Kellas was a fine mountaineer in his own right – not as technically adept as some, but very strong and able. A lasting legacy of his Himalayan explorations has been the forging of links between visiting European mountaineers and the native Sherpa community.

His death in 1921 is described by Mitchell and Rodway as a “somewhat squalid dysenteric demise on the bleak Tibetan plains near at Kampa Dzong”, en route to a reconnaissance of Everest and only one day’s walk away from seeing the mountain for the first time. For all his great strength and exploratory spirit, Kellas appears to have been worn out by the sheer effort involved in such endeavours – he had only just completed another arduous expedition to the Kangchenjunga region. His name is on the Everest memorial on the Rongbuk glacier, above the names of George Mallory and Andrew Irvine – “a place I think he merits”, says Mitchell.

Mitchell and Rodway point out that Kellas had spent more time above 6,100m (20,000ft) than any man alive, while his tally of first ascents of peaks of this height ran into double figures. Notable among these was Pauhunri, in the border region between China and the north-eastern corner of India. Accompanied by two Sherpas known as Sony and “Tuny’s brother”, Kellas reached the summit on 14 June 1911. It was a very fine achievement, albeit one which has become rather lost amid the subsequent decades of Himalayan endeavour.

What Mitchell realised, however, while researching the biography of Kellas, is that in climbing Pauhunri the intrepid chemist had made the highest ascent of any mountain up to that time. And the odd thing is that no one, including Kellas himself, knew this.
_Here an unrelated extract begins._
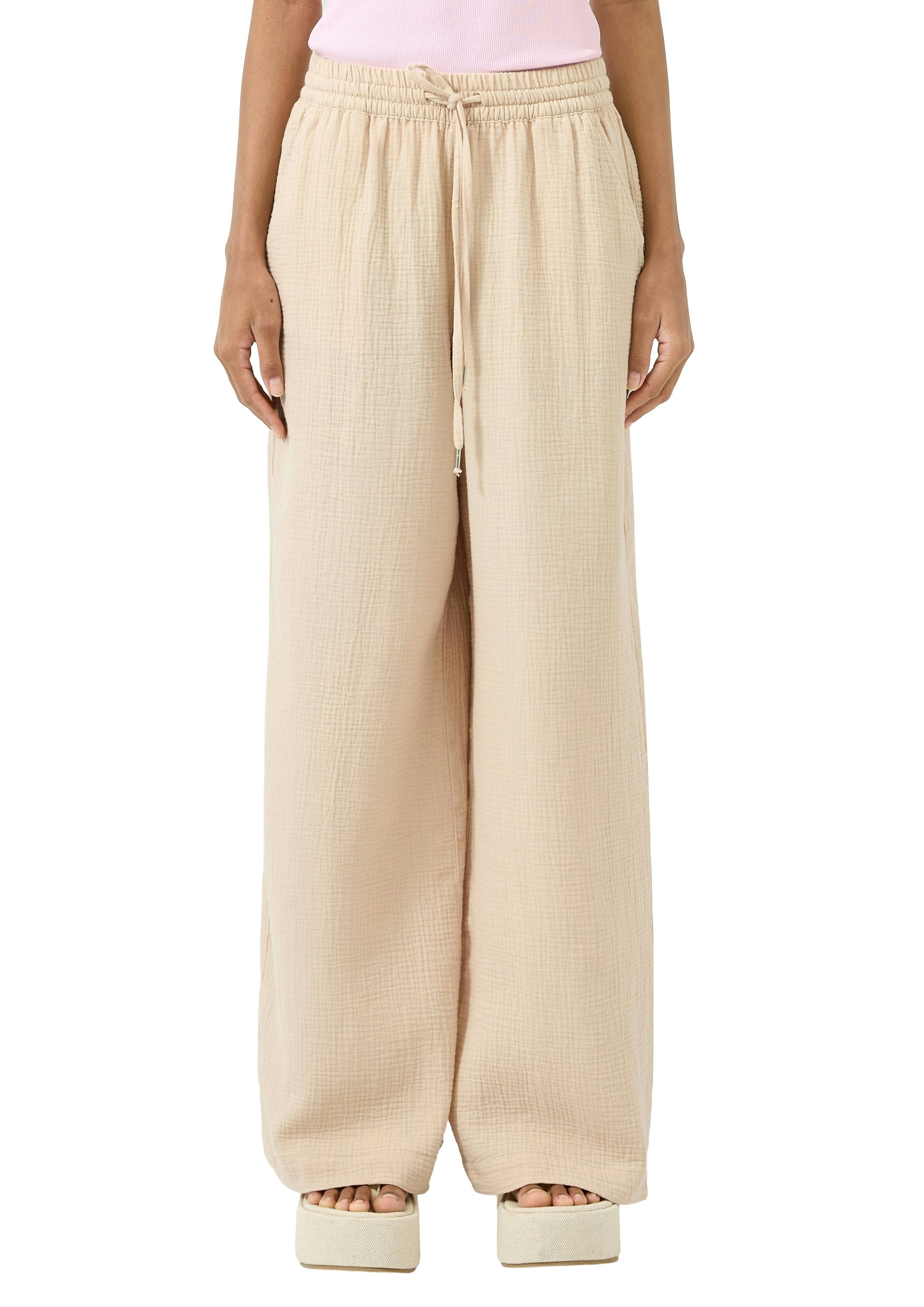 QS Stoffhose mit Gummizug und weitem Bein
Until now, the generally accepted timeline for the highest summit reached has been as follows:

Aconcagua, 6,962m (22,841ft): Matthias Zurbriggen, 12 February 1897
Trisul I, 7,120m (23,359ft): Tom Longstaff, 12 June 1907
Jongsong Peak, 7,462m (24,481ft): Hermann Hörlin and Erwin Schneider, 3 June 1930
Kamet, 7,756m (25,446ft): Frank Smythe, Eric Shipton, R L Holdsworth and Lewa Sherpa, 21 June 1931
Nanda Devi, 7,816m (25,643ft): Bill Tilman and Noel Odell, 29 August 1937
Annapurna I, 8,091m (26,545ft): Maurice Herzog and Louis Lachenal, 3 June 1950
Everest South Summit, 8,760m (28,740ft): Tom Bourdillon and Charles Evans, 26 May 1953
Everest, 8,848m (29,029ft): Edmund Hillary and Tenzing Norgay, 29 May 1953

Note that this the summit record, rather than the overall altitude record. Tom Longstaff captured both with his 1907 ascent of Trisul, but lost the altitude record during the Duke of the Abruzzi’s remarkable expedition to K2 and the surrounding area, which saw the Italians reach 7,500m (24,600ft) on Chogolisa in 1909 or 1910 (opinions vary as to the year, but it was definitely before Kellas climbed Pauhunri), before a retreat was made approximately 150m below the summit.
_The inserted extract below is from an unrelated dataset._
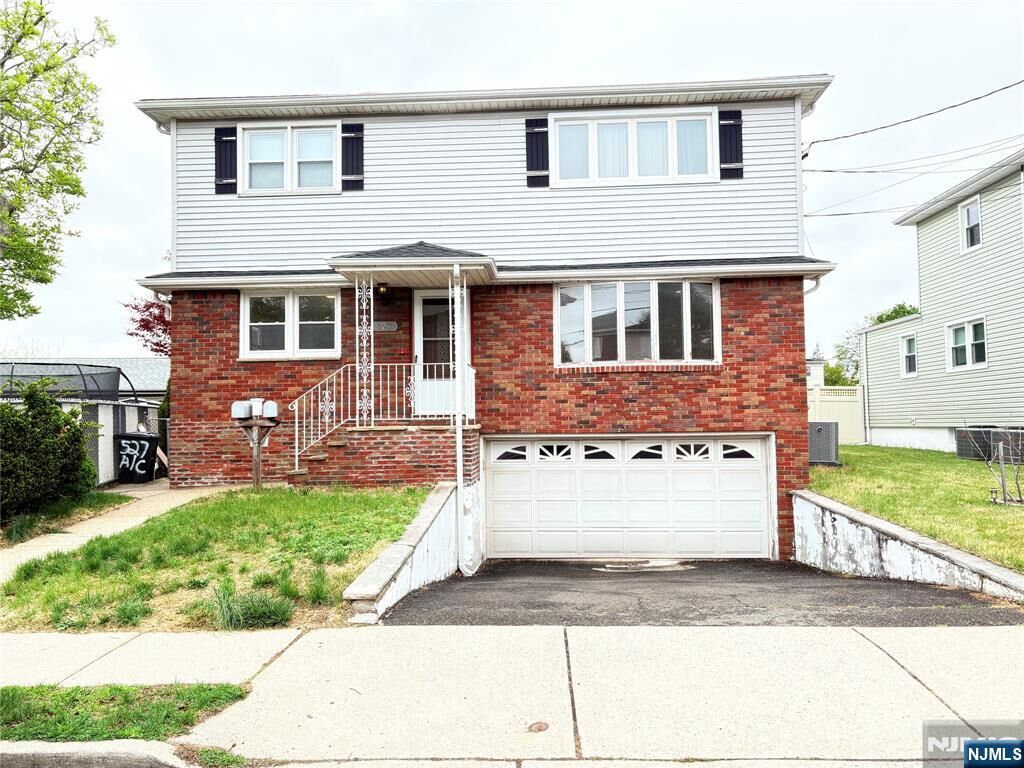 Property Photo:  527 Anthony Court 1  NJ 07071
What has not been doubted until now, however, was that Longstaff held the summit record for almost 23 years. In 1911, Pauhunri was regarded as 7,065m (23,179ft) in height, 55 metres lower than Trisul. However, it was only in the latter part of the 20t century that the remote Pauhunri was properly surveyed. This saw its height nudged upwards by 63m to 7,128m (23,386ft), making it eight metres higher than Trisul and meaning that it was Kellas, not Longstaff, who held the summit record until Hörlin and Schneider climbed Jongsong in 1930.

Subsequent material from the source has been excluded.